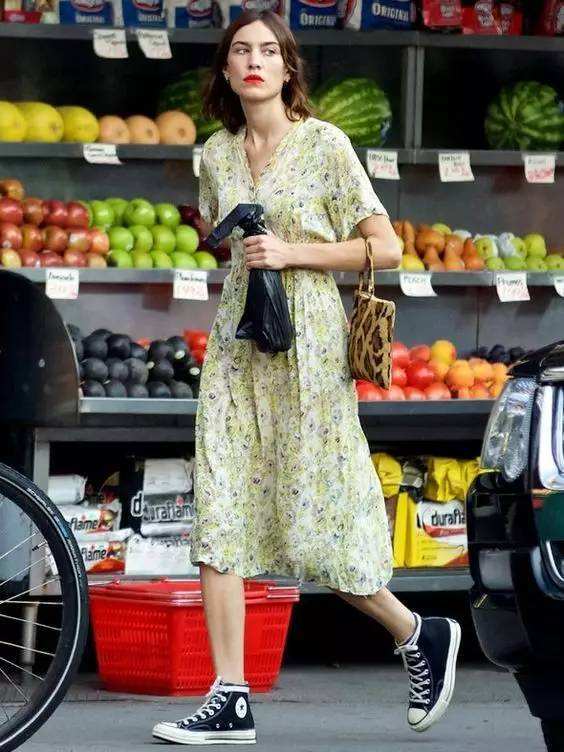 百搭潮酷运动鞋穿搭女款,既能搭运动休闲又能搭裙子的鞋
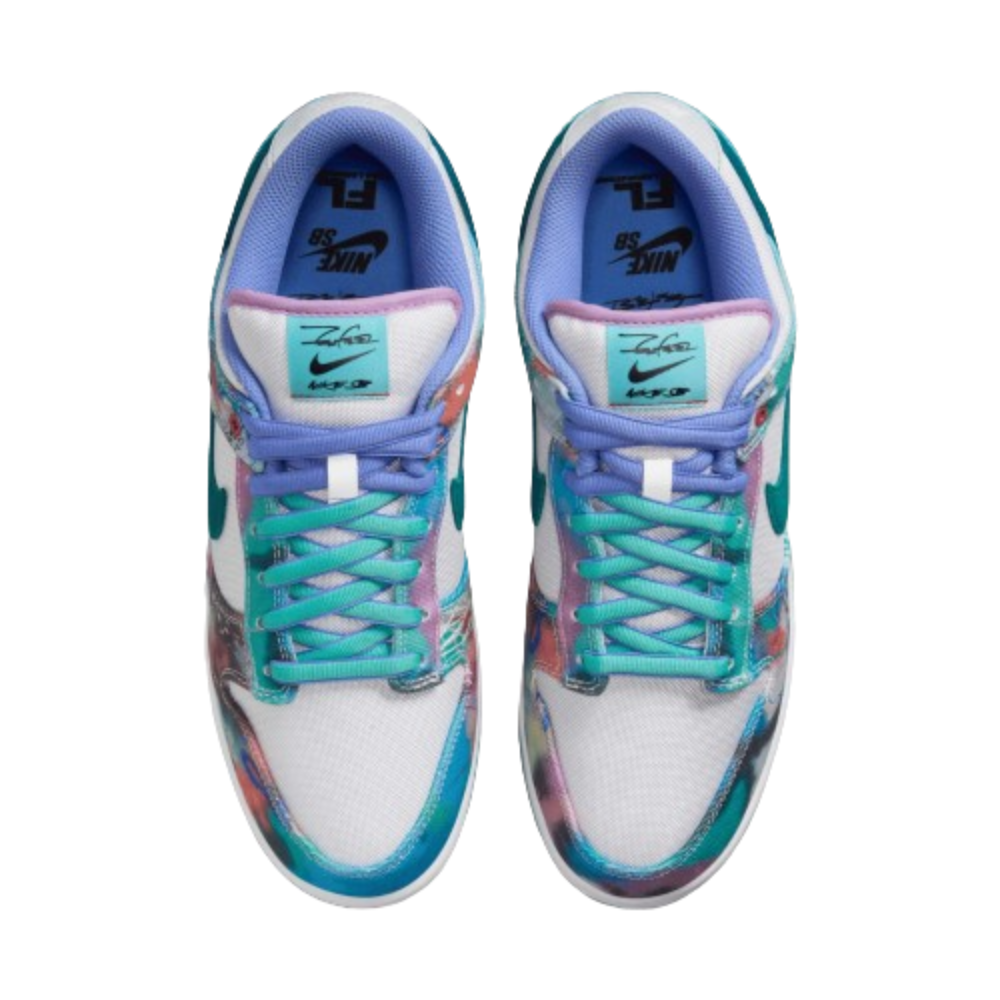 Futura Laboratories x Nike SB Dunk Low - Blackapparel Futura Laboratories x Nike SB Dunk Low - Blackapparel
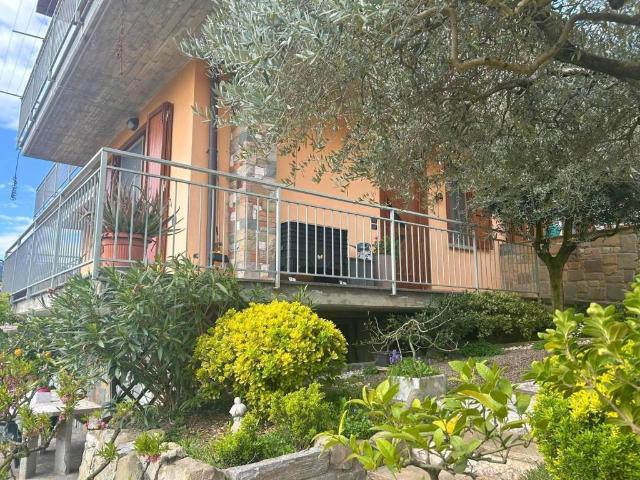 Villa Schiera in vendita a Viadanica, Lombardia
* * *
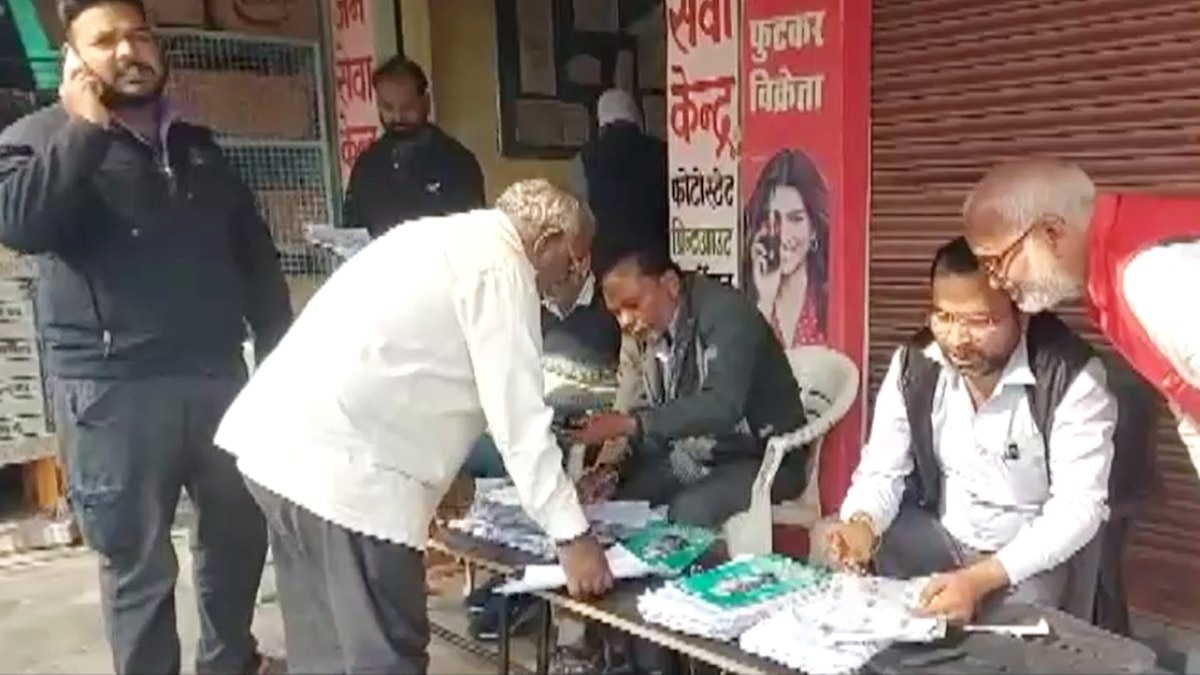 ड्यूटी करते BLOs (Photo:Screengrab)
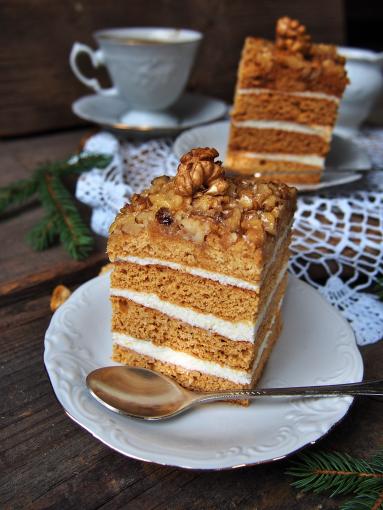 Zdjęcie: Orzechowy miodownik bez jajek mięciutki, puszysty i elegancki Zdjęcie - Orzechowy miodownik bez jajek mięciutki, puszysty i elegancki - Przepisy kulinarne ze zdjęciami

** Exercise **
Leaving each picture behind, please give again exactly the lines above from the one with "百搭潮酷运动鞋穿搭女款,既能搭运动休闲又能搭裙子的鞋" through the one with "Villa Schiera in", both included, and no others.

** Expected output **
 百搭潮酷运动鞋穿搭女款,既能搭运动休闲又能搭裙子的鞋
 Futura Laboratories x Nike SB Dunk Low - Blackapparel Futura Laboratories x Nike SB Dunk Low - Blackapparel
 Villa Schiera in vendita a Viadanica, Lombardia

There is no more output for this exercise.